I can understand loosing air when reattaching the pump. But I thought people always complain about loosing air when detaching the pump? Is this a myth?

Maybe it's simpler than I thought. 
So would it be safe to say that if I set my negative pressure at 65, remove the pump, then reattach the pump and it then reads 55, that 10 lbs was lost to the pump? If this is consistently the case, and one day I can't remember what I'm running in the negative, I could attach the pump, get a reading, and estimate I was running about 10 lbs over that?

I watched the video too. Good info but I don't understand the usefulness if you either don't know the pressure in your shock or fork (don't know what to precharge it to) or you know where you want the pressure to be and are just making it so.

I know I'm going to get a smart answer for this. Forgive me. I'm a child sometimes. And it's kinda off topic.


----------



## OrenPerets (May 1, 2006)

deserat said:


> Is this a myth?
> So would it be safe to say that if I set my negative pressure at 65, remove the pump, then reattach the pump and it then reads 55, that 10 lbs was lost to the pump? .


Yes.


----------



## ungod (Apr 16, 2011)

deserat said:


> I can understand loosing air when reattaching the pump. But I thought people always complain about loosing air when detaching the pump? Is this a myth?
> 
> Maybe it's simpler than I thought.
> So would it be safe to say that if I set my negative pressure at 65, remove the pump, then reattach the pump and it then reads 55, that 10 lbs was lost to the pump? If this is consistently the case, and one day I can't remember what I'm running in the negative, I could attach the pump, get a reading, and estimate I was running about 10 lbs over that?
> ...


I used to have a RS Monarch shock that I swear would lose air when I detached the pump. I think it depends on the location of the valve inside of the shrader connection--if it sits too far up, your pump might lose the seal on the fitting before the valve has fully closed.

Other than that one shock I haven't had any issues, but they do make a pump to "solve" that problem - check out the Cane Creek "Zero-Loss" air pump: https://www.canecreek.com/products/suspension/lounge/rider-deals/dbair-zero-loss-pump

I don't think you can assume any particular PSI loss--it totally depends on the size of the chamber. My DVO Topaz loses about 30psi when I connect to the piggy-back (tiny), while connecting to my Ribbon might only lose 5psi (big chamber).

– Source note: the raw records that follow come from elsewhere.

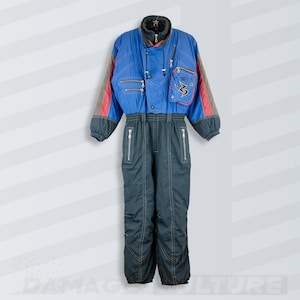 Può includere: Una tuta da sci vintage blu e nera con accenti rossi e grigi. La tuta intera presenta più tasche con cerniera, un colletto alto e un emblema decorativo sul petto. Progettata per attività con tempo freddo.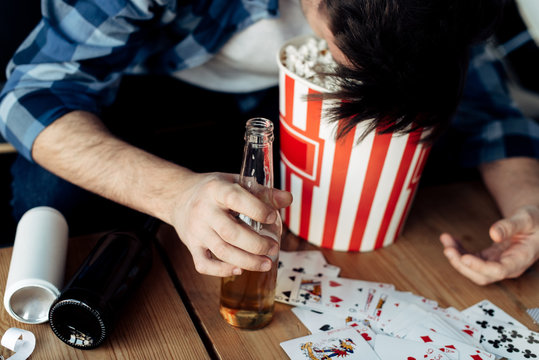 cropped view of man with head in popcorn box holding bottle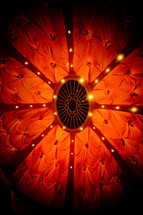 lights at the top of a red fabric tent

I have multiple bikes and can never remember what pressure I run in any of them, so i use a silver metallic sharpie to write my pressure on my shocks. Comes off easily with some alcohol: https://www.amazon.com/Sharpie-Metallic-Permanent-Markers-Silver/dp/B00009RAX4


----------



## deserat (Feb 28, 2016)

Porch said:


> I used to have a RS Monarch shock that I swear would lose air when I detached the pump. I think it depends on the location of the valve inside of the shrader connection--if it sits too far up, your pump might lose the seal on the fitting before the valve has fully closed.
> 
> Other than that one shock I haven't had any issues, but they do make a pump to "solve" that problem - check out the Cane Creek "Zero-Loss" air pump: https://www.canecreek.com/products/suspension/lounge/rider-deals/dbair-zero-loss-pump
> 
> ...


----------



## liqwid (Jan 2, 2007)

I don't think that pump exists any more. I'm currently using one of these:

https://www.amazon.com/Topeak-Pocket-Shock-Fork-Pump/dp/B00AL5UQ1W

It allows you to screw on the connector to the schrader valve first, then screw down the part that presses in the valve.

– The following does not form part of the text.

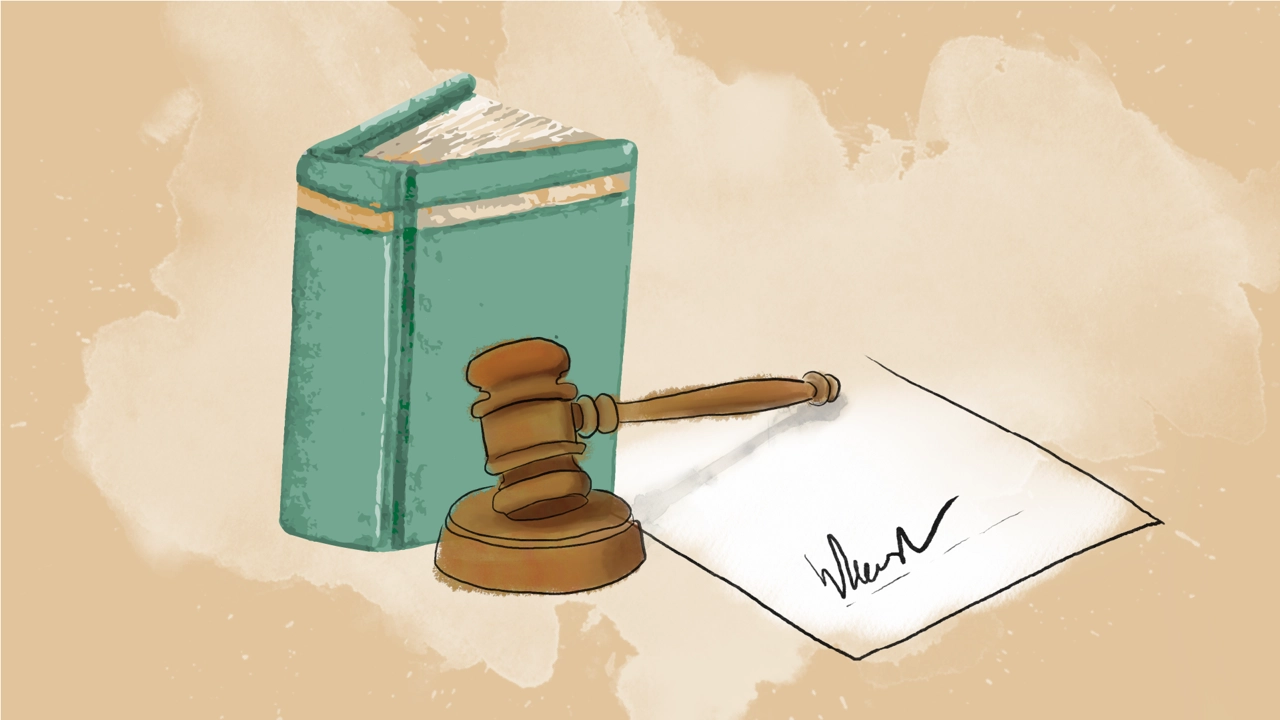 A law book, a wooden mallet and a signed agreement.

The problem(ish) is that it will only ensure zero loss when disconnecting. I still have to preload the pump when reconnecting to get an accurate reading. Not really a big deal, just something to note.

FWIW I don't think you really have to be exactly on target when preloading the pump. The amount of volume in the hose of your shock pump is tiny vs anything else you're actually trying to pump up. The resulting difference if you over pump 5-10psi preloading the pump will probably only equate to 1psi added to the chamber on the fork/shock at best.


----------



## jaks (Feb 2, 2005)

NoahColorado said:


> Yeah, I would start there. I'm running my long-travel Ribbon at 150 now and using 68/77 psi or thereabouts. I've lost a little weight over the spring. Ramp at about half. I don't have problems using full-travel on just about every ride, but it still feels firm - but supple - off the top. No real reason not to run higher neg. pressure. If it results in too much sag, just raise both pressures (but keep +8-10 psi more in neg.).
> 
> I would try two different setups if I were you.
> 
> ...


Noah, what would you say the designed working range is for the Ribbon in terms of rider weight? I see you're running your Ribbon with 0 LSC (at what body weight?). I had a Stage, and while it was generally a great fork, I felt the minimum LSC was still a little too much for my 150lbs. Is there a way to adjust the LSC internally in the Ribbon to make it even lower for lighter riders? I'm considering buying a 160mm 29er Ribbon but this is the main thing that's holding me back.

Thanks


----------



## jaks (Feb 2, 2005)

Rando question: 

What would be the effect of using too much negative air pressure on purpose to "suck down" the travel on the 160mm Ribbon by 20-30mm over normal? I'm thinking of trying this as a fork travel reduction feature for those times where I want to use my long travel bike as more of a tight trails bike with a steeper head angle. What would be the main downside of doing this? 

My guess is that it would effectively reduce the volume of the positive chamber vs the negative chamber, which would make the air spring curve more linear (maybe too much) in the sucked down position? But perhaps you can compensate for that by increasing Ramp Control in the positive chamber at the same time? I wanna know what other people think about this (or have tried).


----------



## ungod (Apr 16, 2011)

Been riding my Ribbon for a few weeks. Really a great fork! 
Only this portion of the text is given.